La démocratie africaine a une particularité : le manque de patriotisme de l’intellectuel. La génération actuelle des intellectuels est-elle à la hauteur des perspectives que l’histoire offre à l’Afrique et plus particulièrement au Mali ? Non. L’intellectuel définit par le Larousse est une personne qui s’occupe par goût ou par profession des choses de l’esprit. C’est un homme doué d’intelligence, capable de comprendre un individu caractérisé par la prédominance de l’intelligence.
Après deux décennies de démocratie, le moment est venu de porter un regard critique sur l’un des déclencheurs de cette marche vers la démocratie : l’intelligentsia, sur son rôle dans l’histoire de l’Afrique et la nature de ses rapports avec le pouvoir. Leader des luttes d’indépendance, l’intelligentsia a, à plus d’un titre, incarné l’espoir d’une Afrique libre et prospère, digne et fière d’elle-même. Cela a été possible grâce à leurs capacités de prévision, d’analyse et d’organisation, elle a toujours constitué la force qui peut conduire au changement voulu. Cette race d’intellectuels africains était préoccupée par l’avenir du continent. Elle savait lire ou interpréter les désirs de son peuple à telle enseigne que plus d’un esprit l’assimilait au pouvoir lui-même.
Mais qu’en est-il réellement aujourd’hui ? Souvent inféodés aux pouvoirs dictatoriaux dont ils se font les idéologues et en d’autres circonstances, les contestataires de ces mêmes pouvoirs, les intellectuels entretiennent des rapports ambigus voire complexes avec le pouvoir. Si l’intelligentsia est la catégorie de la population qui a porté haut le flambeau de l’espoir, elle est aussi celle qui a déçu cet espoir à certains moments clés de l’histoire :
«Tous les candidats aux élections de 2007 au Mali se sont installés par la fraude», dixit un intellectuel qui fut gendarme constitutionnel des élections.

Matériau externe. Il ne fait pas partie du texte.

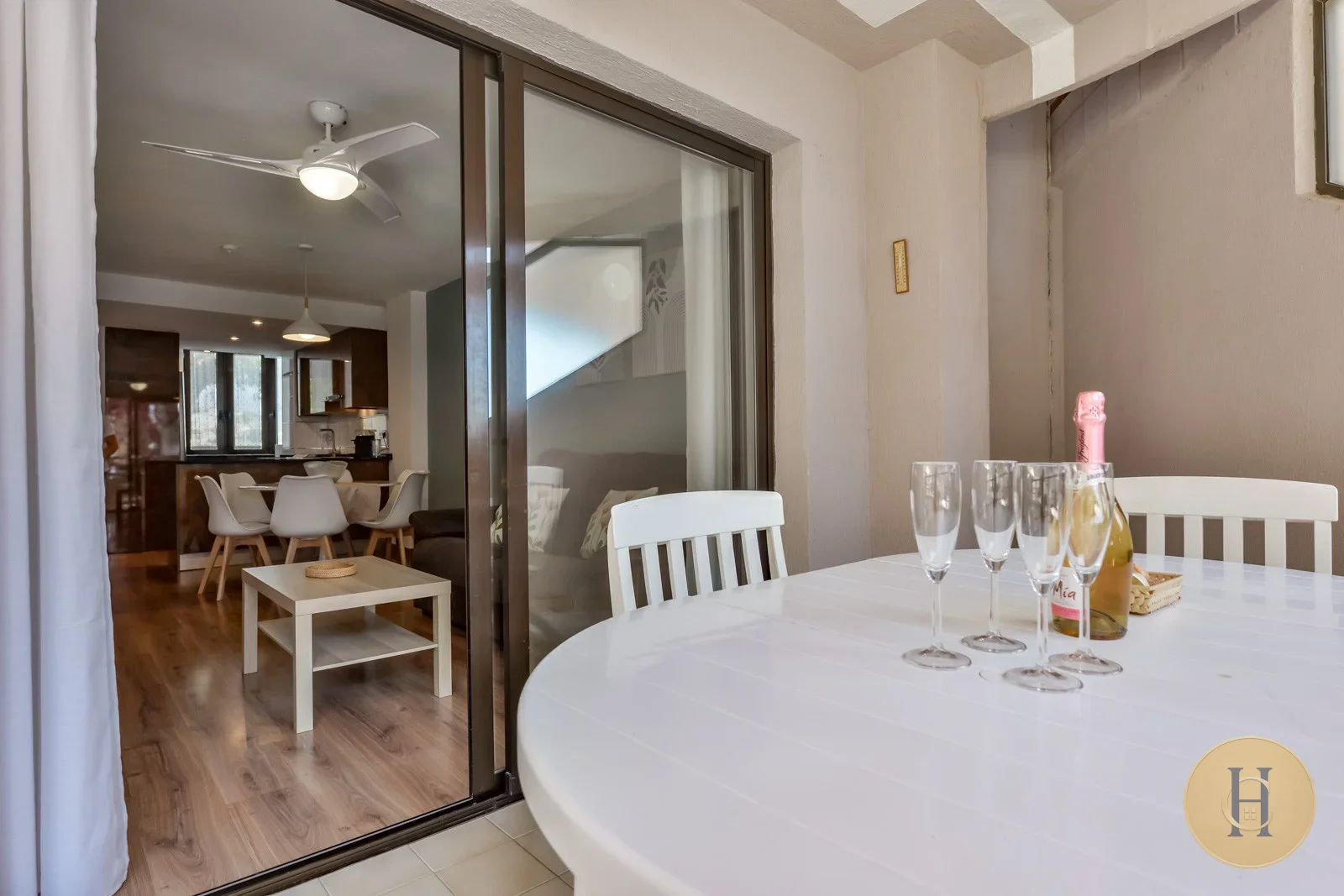 VG - Apartamento Victoria Paraiso Mar en Calpe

Et récemment, un autre se fend dans les colonnes d’un organe de la place à propos des reformes institutionnelles : ces reformes ne feront pas du président de la République un roi. Qu’en serait demain ? Le sujet est d’autant plus important qu’il reste d’actualité. L’avenir nous impose d’analyser de manière lucide et critique le rôle des intellectuels dans l’histoire.
L’intellectuel malien de l’ère démocratique est celui qui a refusé d’assurer son rôle de guide et malheureusement il est celui qui mélange tout. Il n’est plus une force sur laquelle le peuple peut compter pour dénoncer les insuffisances dans la gouvernance.
L’heure est venue aujourd’hui de statuer sur ce qui aurait du être le rôle des intellectuels maliens dans le cadre du régime de démocratie bourgeoise formelle actuelle. Ce cas illustre toute la richesse et la complexité de la question. Il soulève bien des interrogations, des drames, mais peut être de l’espoir par ces temps de déception engendrée par la gestion artisanale des affaires avec son corollaire de délinquance financière.